Note: This review is dedicated to Chris Kuhar, who gifted me the DVD for my housewarming/tenure party.
I remember seeing this one on cable back when watching movies on late-night cable was a thing; I vaguely remember being mystified by that closing shot: Roseanne Barr leading a bunch of women through the streets of Manhattan. It had evaporated until I suddenly remembered a happy divorce at the end. I admired the foresight of the filmmakers to see that there could be such a thing, back in 1989.
A brief plot description: Roseanne Barr plays Ruth, a housewife whose accountant husband, Bob, dreams of working for celebrities. And he gets his wish and more when Ruth literally collides with famed novelist Mary Fisher (as far as I know, this was Meryl Streep’s first comic turn). Bob becomes her accountant, and Mary becomes his mistress. Bob leaves and moves in with her; subsequently, Ruth is determined to ruin the four pillars of his life: Home, Family, Career, and Freedom.

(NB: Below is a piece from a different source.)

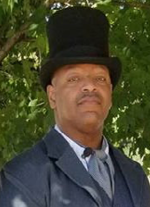 Darrell Ferguson portrays George Edwin Taylor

I won’t spoil too much, but in her journey, Ruth schemes her way into a position into Mary’s mother’s nursing home, where they conspire to spill some dark secrets about Mary. She meets Hooper, a senior orderly who teams up with her to start an employment agency for women who’ve been subjugated in the name of male oppression (and a couple of those women are divorced and adrift after not working in the name of the patriarchy). And it works out. Mary is presented as a caricature of the childfree woman; she’s hopeless when it comes to taking care of Bob’s kids. But I guess that’s her karma for being dishonest. In the end, Ruth and Bob are divorced, and he has become a better person, offering to cook for the kids when he gets out of prison for some financial misdeeds Ruth helped expose. I thought this might hint at a reconciliation, but I think Ruth’s found enough strength to not go back. And that last shot is beautiful; it reminds me of the powerful women we have in the Community of Single People page and beyond.